Lee Ha Lim, Kang Jihoon, Lim Junseop, Kim Seung Chan, Jeon Soon Ok, Lee Jun Yeob
School of Chemical Engineering, Sungkyunkwan University 2066, Seobu-ro, Jangan-gu, Suwon-si, Gyeonggi-do, 16419, Korea.
Samsung Advanced Institute of Technology, Samsung Electronics, 130 Samsung-ro, Suwon, Gyeonggi, 16678, Republic of Korea.
Nat Commun. 2023 Aug 9;14(1):4818. doi: 10.1038/s41467-023-40481-w.
Multiple resonance (MR) thermally activated delayed fluorescence emitters have been actively studied as pure blue dopants for organic light-emitting diodes (OLEDs) because of excellent color purity and high efficiency. However, the reported MR emitter, 2,5,13,16-tetra-tert-butylindolo[3,2,1-jk]indolo[1',2',3':1,7]indolo[2,3-b]carbazole (tDIDCz) based on bis-fused indolocarbazole framework could not demonstrate efficient triplet-to-singlet spin crossover. In this work, we report two isomeric MR emitters designed to promote triplet exciton harvesting by reconstructing the electronic structure of tDIDCz. To manage excited states, strong electron donors were introduced at the 2,5-/1,6-position of tDIDCz. As a result, 2,5-positions managed tDIDCz shows long-range charge transfer characteristics while preserving the MR nature. Quantum chemical calculation demonstrates direct spin-orbit coupling by long-range charge transfer and spin-vibronic coupling assisted reverse intersystem crossing by short-range charge transfer simultaneously contribute to triplet-to-singlet spin crossover. Consequently, high performance blue OLED recorded a high external quantum efficiency of 30.8% at a color coordinate of (0.13, 0.13).
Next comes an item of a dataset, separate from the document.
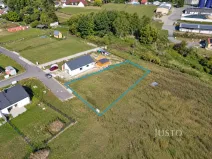 Prodej pozemku pro bydlení, Čížová - Zlivice, 955 m2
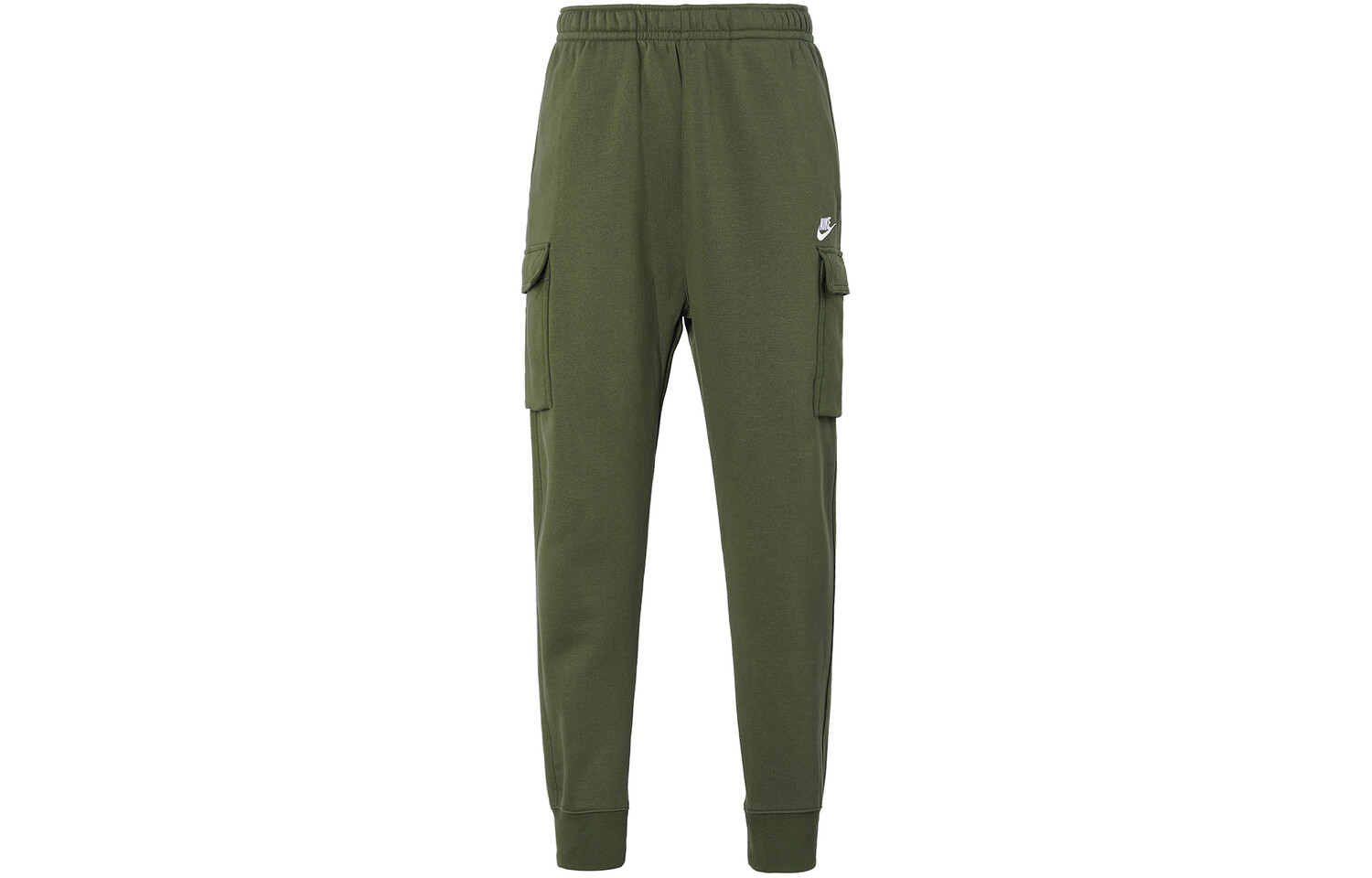 Трикотажные спортивные штаны мужские зеленые Nike, зеленый
Трикотажные спортивные штаны мужские зеленые Nike, зеленый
由于具有出色的色纯度和高效率,多共振(MR)热激活延迟荧光发射体作为有机发光二极管(OLED)的纯蓝色掺杂剂受到了广泛研究。然而,报道的基于双稠合吲哚咔唑骨架的MR发射体2,5,13,16-四叔丁基吲哚并[3,2,1-jk]吲哚并[1',2',3':1,7]吲哚并[2,3-b]咔唑(tDIDCz)无法实现有效的三重态到单重态自旋交叉。在这项工作中,我们报道了两种异构体MR发射体,它们通过重构tDIDCz的电子结构来促进三重态激子的捕获。为了控制激发态,在tDIDCz的2,5-/1,6-位引入了强电子供体。结果,2,5-位修饰的tDIDCz在保持MR性质的同时表现出长程电荷转移特性。量子化学计算表明,长程电荷转移引起的直接自旋-轨道耦合和短程电荷转移辅助的自旋-振动耦合反向系间窜越同时促成了三重态到单重态的自旋交叉。因此,高性能蓝色OLED在色坐标(0.13, 0.13)下实现了30.8%的高外量子效率。